Global Career Lecture Series

“Important Things” to Support the Passion for International Cooperation

May 13, 2017

The lecturer of the Global Career Course lecture this time was Yoshiko Miyagawa, who graduated from Tamagawa Gakuen High School and engaged in international cooperation in the Japanese Red Cross Society, the Japan International Cooperation Agency (JICA), the Ministry of Foreign Affairs of Japan and etc. She talked about the chance of choosing that work and necessary skills to work in the international community, based on what she has learned and gained from her experiences.


“There is my former classmate, teaching at this middle school.” Such words of Ms. Miyagawa made relaxing atmosphere to the venue.
The lecture started with an introduction about areas and work that she engaged in. In the photographs with episodes of the area where 4,500 people use a well that should be used by 50 people in size, a small groaning by students occurred at the venue.

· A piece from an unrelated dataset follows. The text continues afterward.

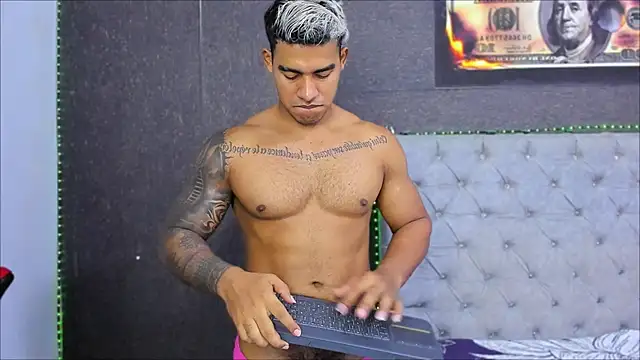 luigi hot  online show from 05/11/26, 04:04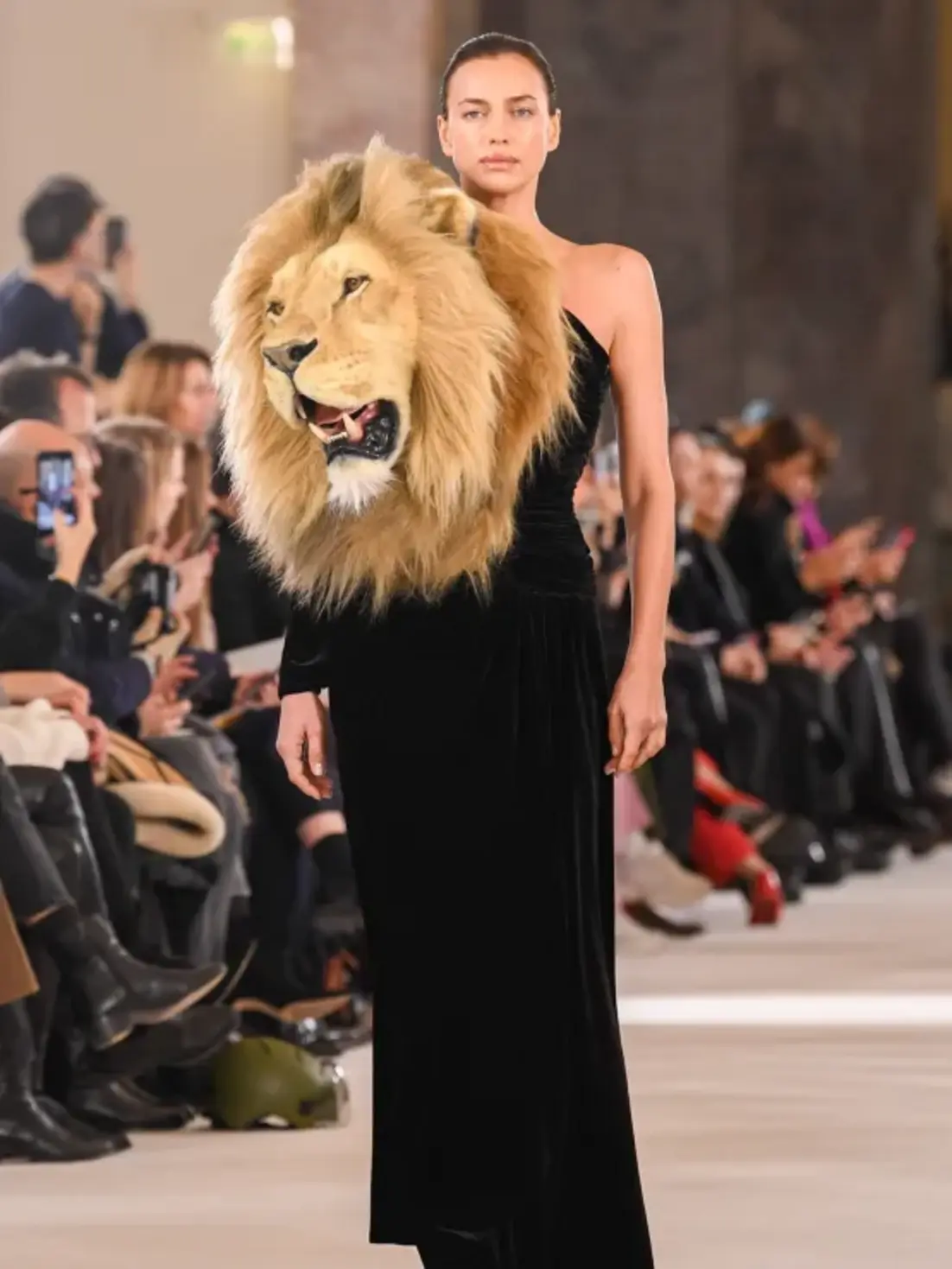 Schiaparelli's Animal Head in Couture Spring 2023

Next, Ms. Miyagawa talked about her milestones that she came to find the way to work for international cooperation.
Ms. Miyagawa, who wanted to become a cook until her second grade of junior high school, gradually turned her attention to the world since she entered Tamagawa Gakuen high school .
She was stimulated by friends who are learning English conversation, have experience of studying abroad, and who always extend their horizons outside. Secondly, news clipping assignment of Contemporary Society class was another milestone. Following articles of regional conflicts in the former Yugoslavia for one year, made her heart aches for the people suffering. , Most importantly, reading the grandfather’s journals, which wrote the experiences of being held in ice-cold Russian Siberia as a captive after the World War II, gave a great opportunity for her.

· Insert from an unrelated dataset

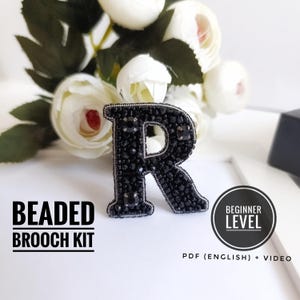 Kit de abalorios para broche con la letra R, joyería con alfiler con la letra R, kit de bordado con cuentas, kit de abalorios para adultos, patrón de bordado con cuentas, regalo personalizado para un amigo.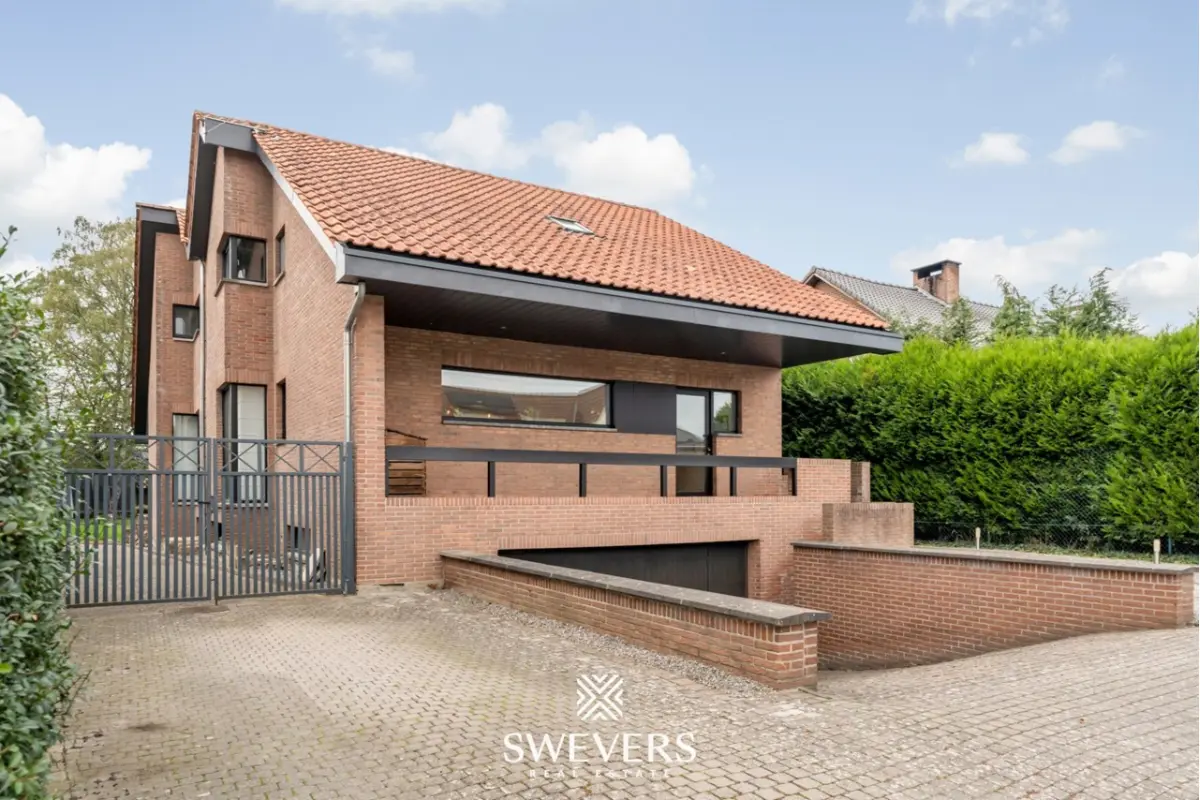 Huis te  koop in Leopoldsburg 3970 449000.00€ 3 slaapkamers 324.00m² - Zoekertje 604620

Although she was listening to stories of the grandfather of the life in Siberia since childhood, she read the journals again when she became a high school student. She started to think; “My life here is because my grandpa survived the war and the life in Siberia, so I want to use it with a purpose. What kind of things I can do for those who are suffering?”


She soon decided to aim to work for supporting people suffering in the world. “I must know my own country first, to know the outside world.” She studied political science at university, and after studying abroad she began to pave the way for international cooperation.


Then, she talked about the reasons of why each of the following, “English skills”, “Knowing localities”, and “communication skills”, are important skills in international cooperation, based on her experience.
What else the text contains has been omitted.